"That does not alarm me; everybody is—except myself," and now her laugh had a cadence of sadness.

It touched him. He knew the task laid out for him by Providence, and he felt that he ought to say a fitting word. But all the time he knew that the eyes of the maid were upon him. The knowledge made him appear somewhat constrained—he who ordinarily had an ease of manner, which was not the least of his charms.

"They are well at Stormpoint, of course?" questioned Natalie. "Mrs. Joe and Paula?"

"Perfectly. You will be charmed with their home. Mrs. Claghorn has transformed a desert. The sea——"

"Paula sent me some views, and better, an appreciative description. I should think they would never wish to leave it—none of them?" She looked inquiringly at him.

"As to that," he laughed, "Mrs. Joe flits occasionally; and, of course, Paula with her. But they are becoming more and more content to remain at home. Mrs.

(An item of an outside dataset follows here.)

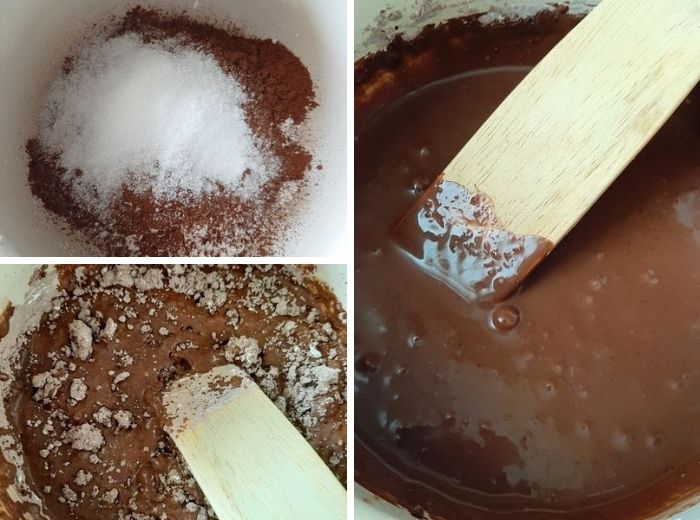 budino vegan al cacao preparazione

Joe is quite a public character."

"A chatelaine—the head of the house?" Again her eyes questioned more insistently than her lips.

"Quite so," was the answer. "Mark's a rover. He's in Russia."

A sigh of relief—or regret? It was quickly checked. Leonard noticed her pallor. "You are tired," he said. "Why not rest for an hour or two here? If you will do so, I can myself drive you to Easthampton. Just now I must attend to my class at the Seminary."

But she would not wait for his escort; so he procured a conveyance, and surmising that, under the circumstances, the maid was an embarrassment, he suggested providing her with a book and the hospitality of his sitting-room, and having seen his cousin depart, he conducted Mademoiselle Berthe to his room and handed her a volume of the "Revue des Deux Mondes," which the maid accepted graciously.